Over the summer, I learned about SLE and its amazing community, but I did not sign up, thinking that in a trajectory of change and continuity, college should be about change — about exploration into unfamiliar areas instead of repeating old interests. To prepare myself for transformation, I started teaching myself coding, learning Python from scratch. From one YouTube tutorial to another, from Code Academy to EdX’s CS50, alien ideas like “for loop” and “if statements” became less cryptic. I came to believe that I was a step closer to selling out.
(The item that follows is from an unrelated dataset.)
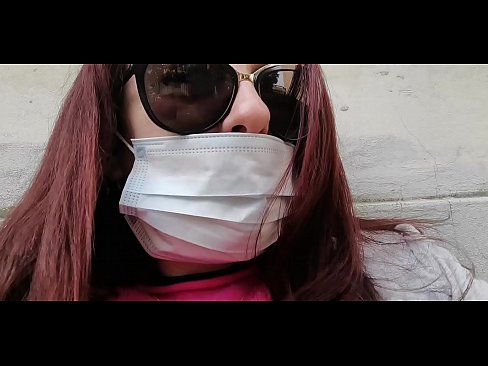 ❤️ Nicoletta se osveti susjedu i piški u njegovoj garaži (Posebna talijanska karantena Covid19) Jebeni video  kod nas ❌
When asked about what major I would pursue, I would answer Symbolic Systems: the perfect combination of STEM and the humanities. But when asked about what the major was about, I was silent and had to awkwardly pull up the SYMSYS website and recite the introduction. Most of the time, others were still confused, and so was I. Nevertheless, what I had planned for myself on my sell-out journey seemed more than reasonable, so I continued on.
Last fall, I found myself immersed in a new world of bits, images and matrices, with my past self eluding me. Lost in the ocean of problem sets, I found something missing in my education; the same burst of emotions I had felt when I came across beautiful, powerful texts was now gone, replaced by the, although satisfying, ultimately temporary joy of finishing daily assignments. I realized I had not read for fun in a very long time. While one part of my brain was doing busy calculations and reasoning through codes, the other one — the one capable of aesthetic appreciation and abstract thinking — remained stagnant, unused, and forgotten. Amidst freshmen sickness and imminent deadlines week after week, I became the Stanford imposter, slowly blending into my larger environment but losing my sense of identity, forgetting the things that I wrote about that made me “excited about learning” in my Stanford application.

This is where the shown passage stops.